# What you need to do:
Please copy out the entries below exactly, beginning with the line that contains "LOONEY TUNES BUGS" and ending with the line that contains "Chevrolet Lacetti, 2012", and include nothing outside that span.

# Material provided:
--
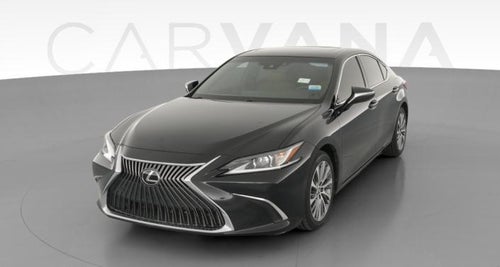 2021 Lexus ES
--
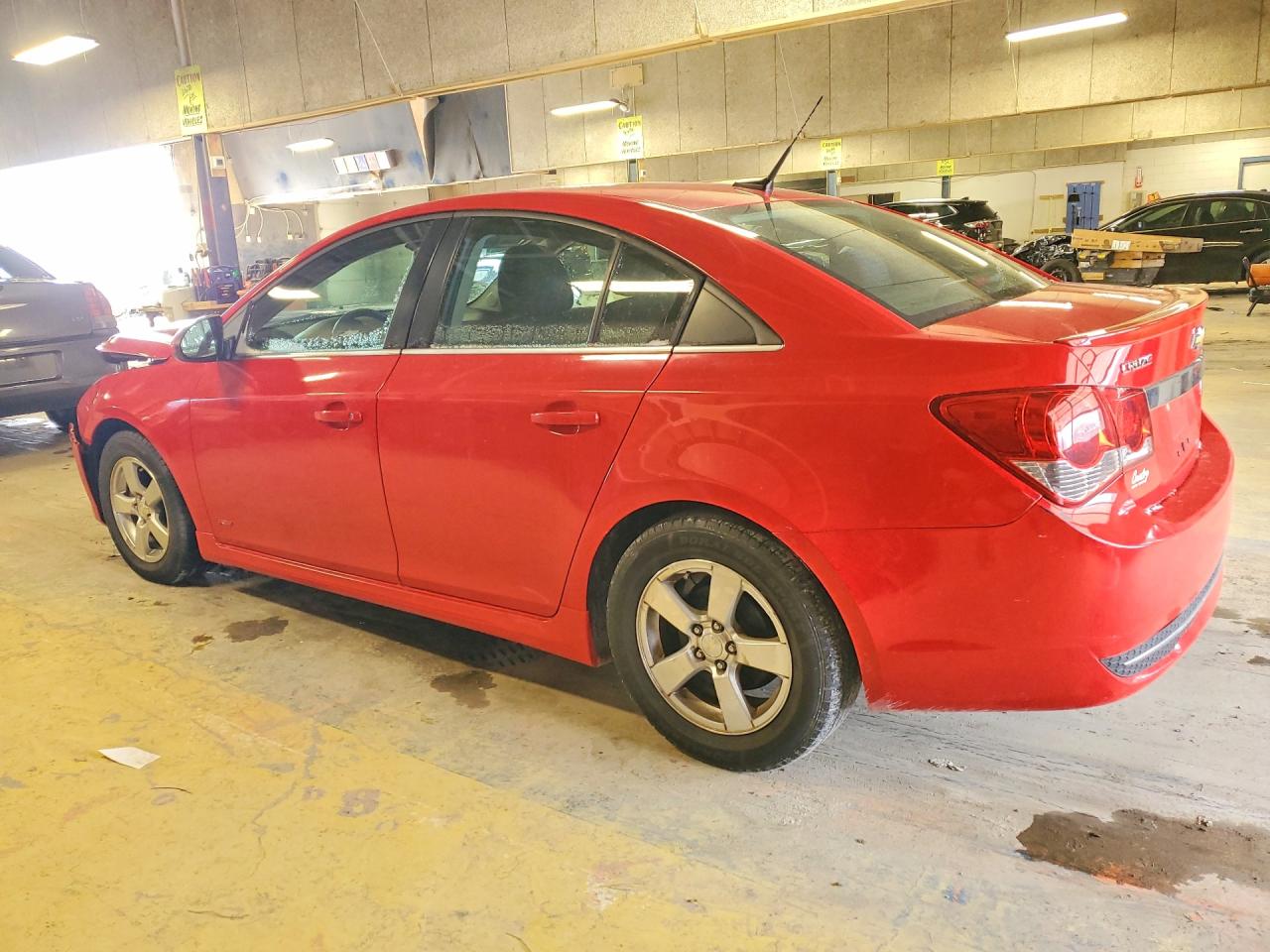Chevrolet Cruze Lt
--
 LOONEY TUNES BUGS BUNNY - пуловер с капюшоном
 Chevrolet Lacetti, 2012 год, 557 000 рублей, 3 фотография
--
# Task answer:
 LOONEY TUNES BUGS BUNNY - пуловер с капюшоном
 Chevrolet Lacetti, 2012 год, 557 000 рублей, 3 фотография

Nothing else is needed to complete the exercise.